'''

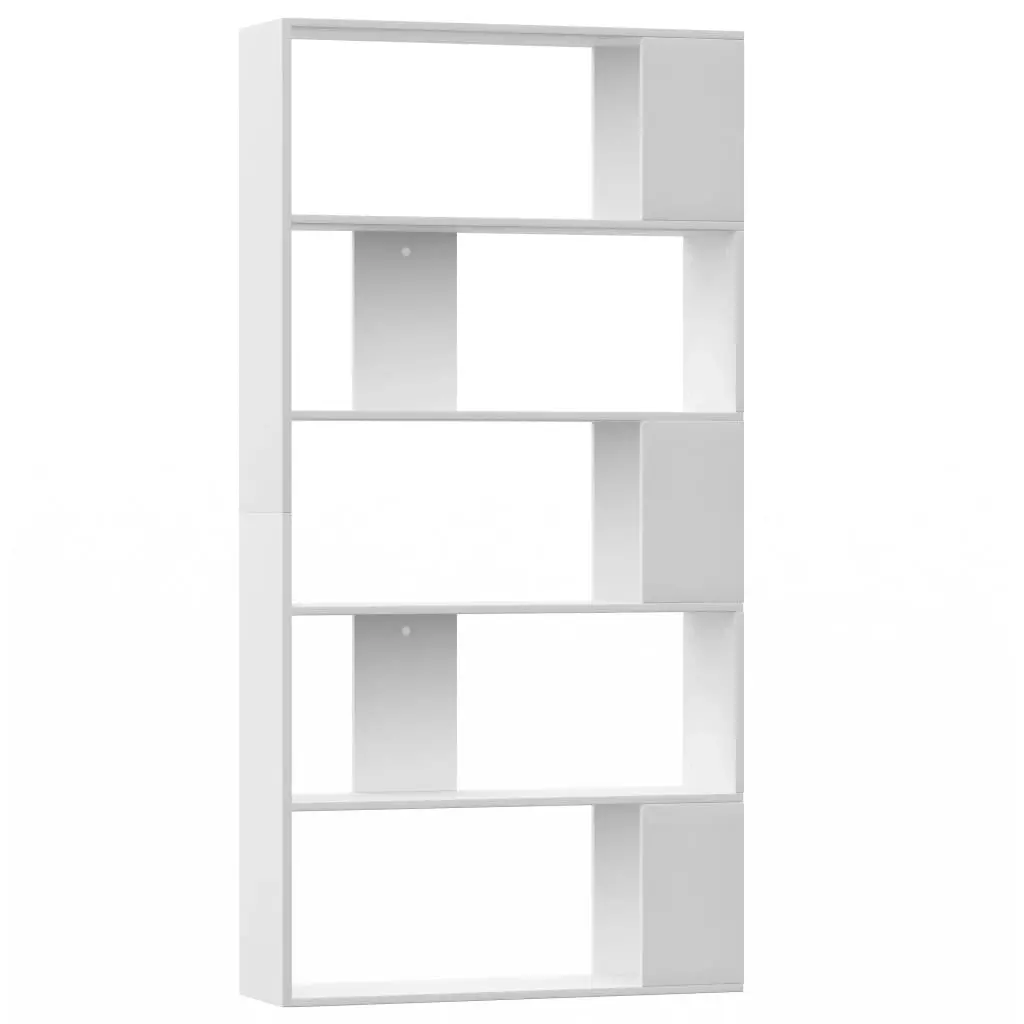 Book Cabinet/Room Divider White 80x24x159 cm Engineered Wood 800099 - Furniture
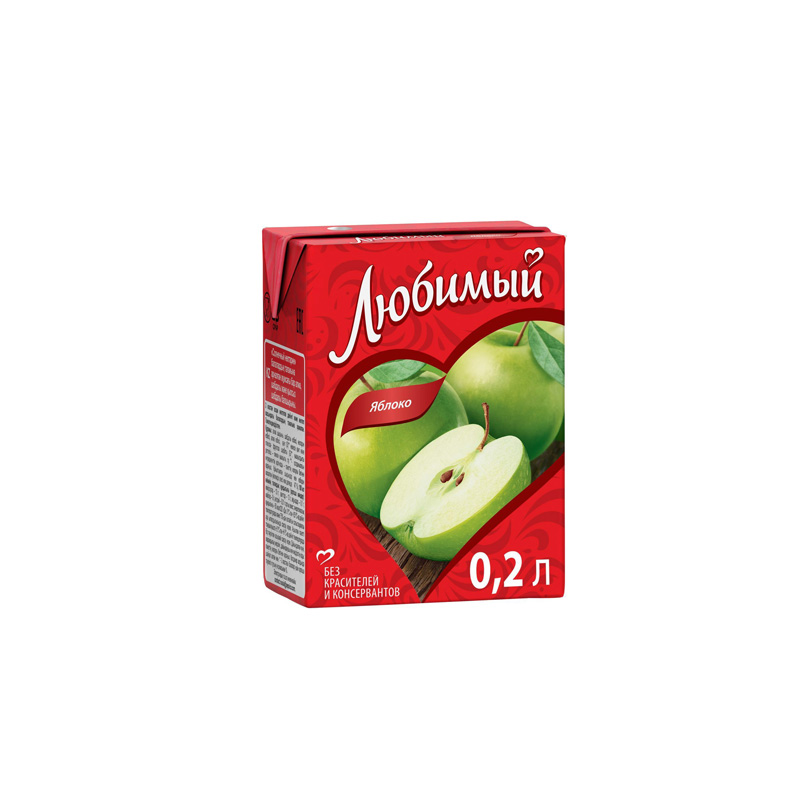 Сок 0,2л яблоко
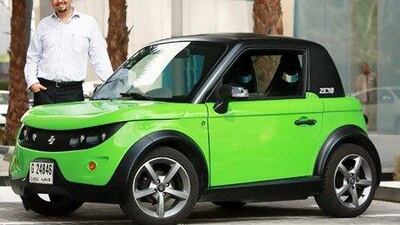 Michael Kraeme, who drives an electric car to work, believes household solar panels will make a big difference.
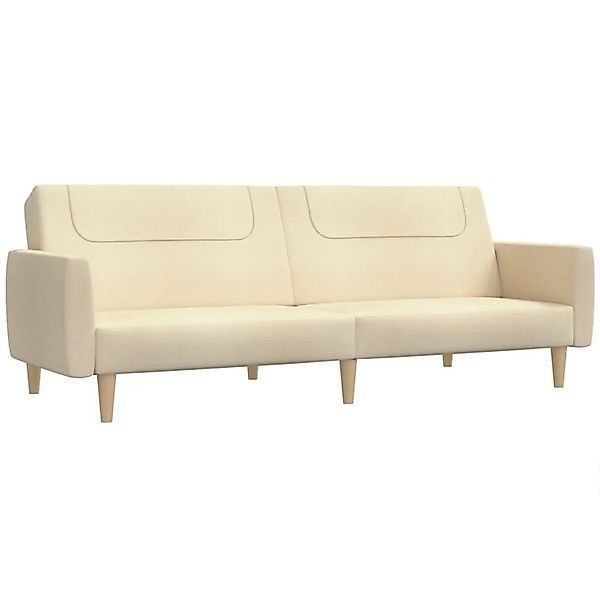 vidaXL Schlafsofa 2-Sitzer Creme Stoff 375787 günstig online kaufen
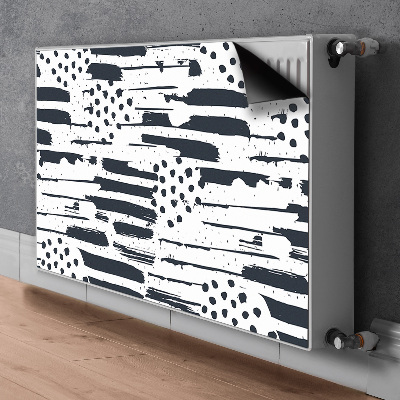 Magnetic radiator cover Abstract painting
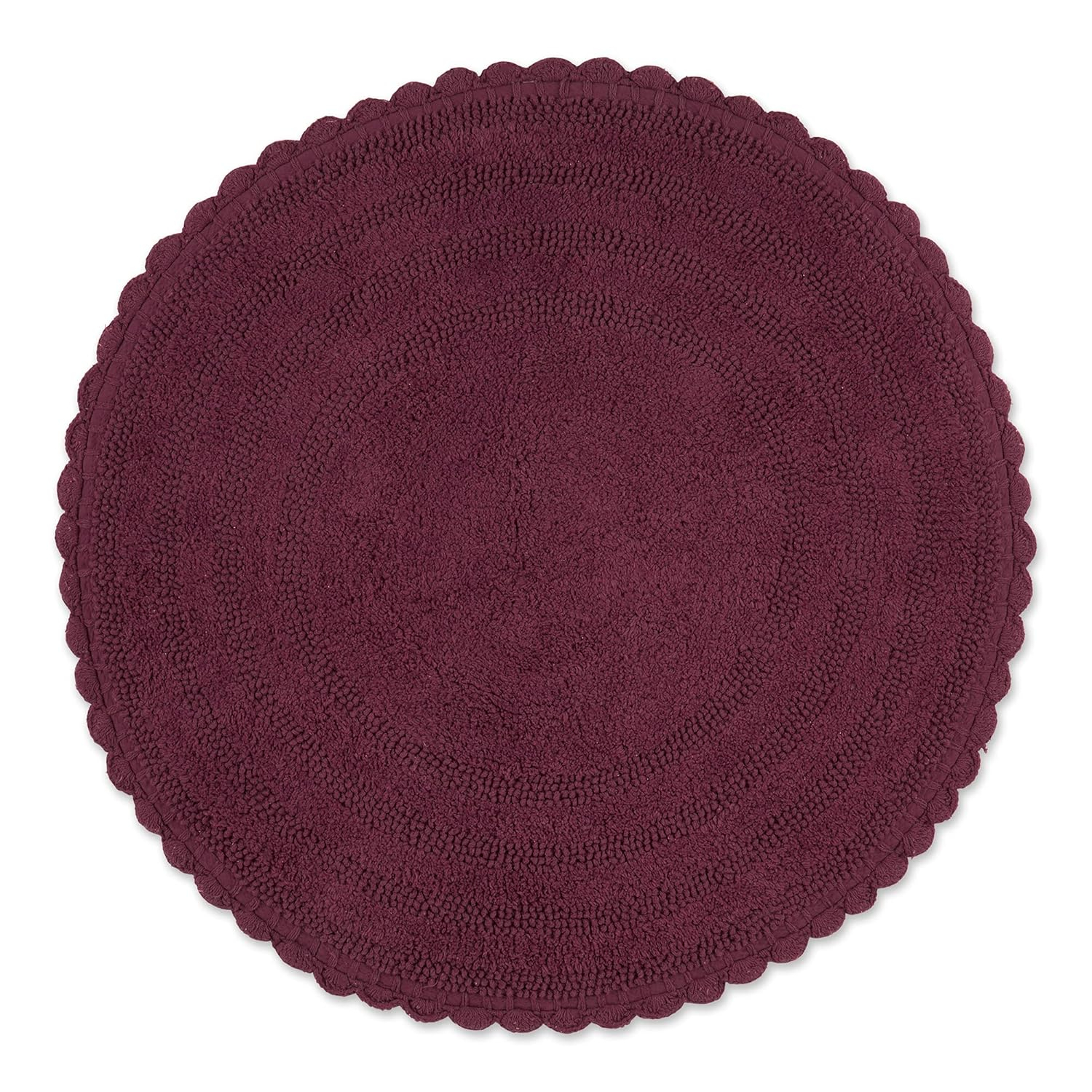 Wine Round Crochet Bath Mat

'''

**What the exercise asks**
From the material above, write out exactly the lines from the line with "Magnetic radiator cover Abstract painting" through the closing line, inclusive, and no pictures.

**Answer to the exercise**
 Magnetic radiator cover Abstract painting
 Wine Round Crochet Bath Mat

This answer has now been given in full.